Data provided START
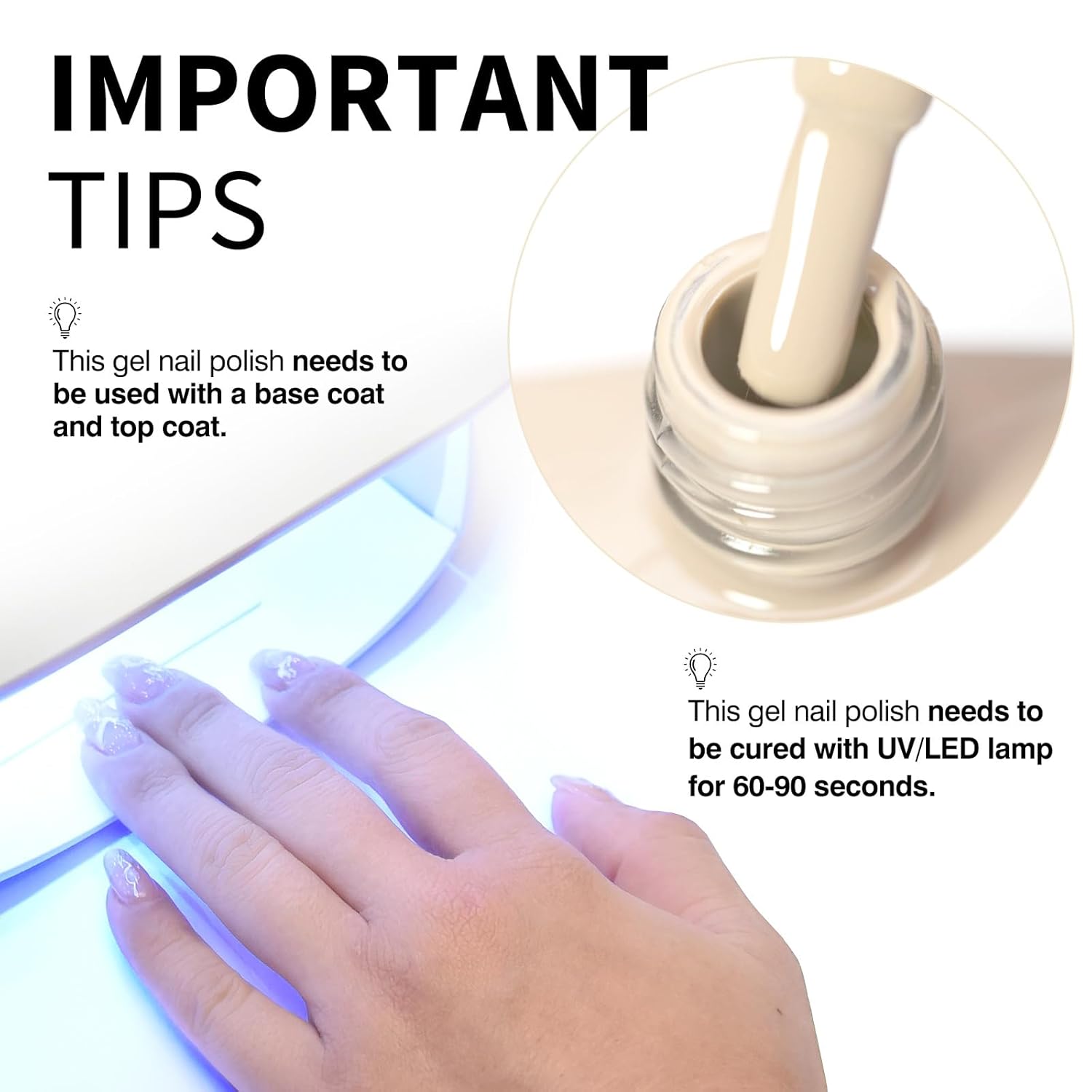 CANNI Nude Color Gel Polish, 1Pcs Albescent White Nude High Gloss Soak Off U V Gel Nail French Nail Manicure Salon DIY-BrightBean Baby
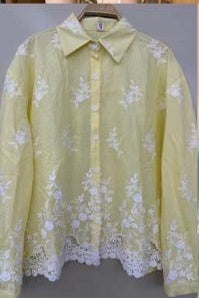 Handwork Embroidered Flower Mesh Design Shirt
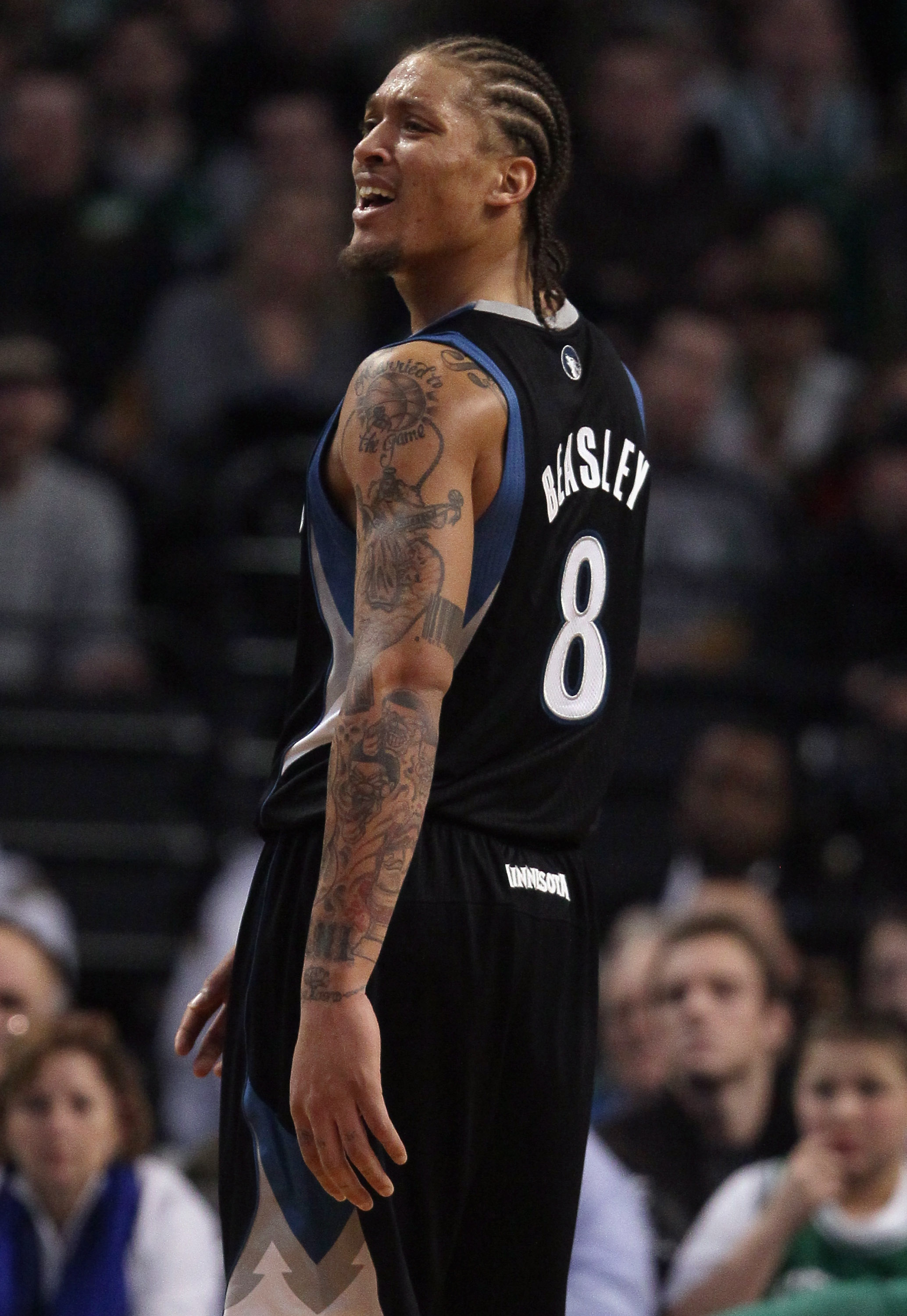 BOSTON, MA - JANUARY 03:  Michael Beasley #8 of the Minnesota Timberwolves reacts to a foul called against him in the second half against the Boston Celtics on January 3, 2011 at the TD Garden in Boston, Massachusetts. The Celtics defeated the Timberwolve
Data provided END
Your task: In transcribing the material above, reproduce each line exactly and include none of the pictures.

Answer section:
 CANNI Nude Color Gel Polish, 1Pcs Albescent White Nude High Gloss Soak Off U V Gel Nail French Nail Manicure Salon DIY-BrightBean Baby
 Handwork Embroidered Flower Mesh Design Shirt
 BOSTON, MA - JANUARY 03:  Michael Beasley #8 of the Minnesota Timberwolves reacts to a foul called against him in the second half against the Boston Celtics on January 3, 2011 at the TD Garden in Boston, Massachusetts. The Celtics defeated the Timberwolve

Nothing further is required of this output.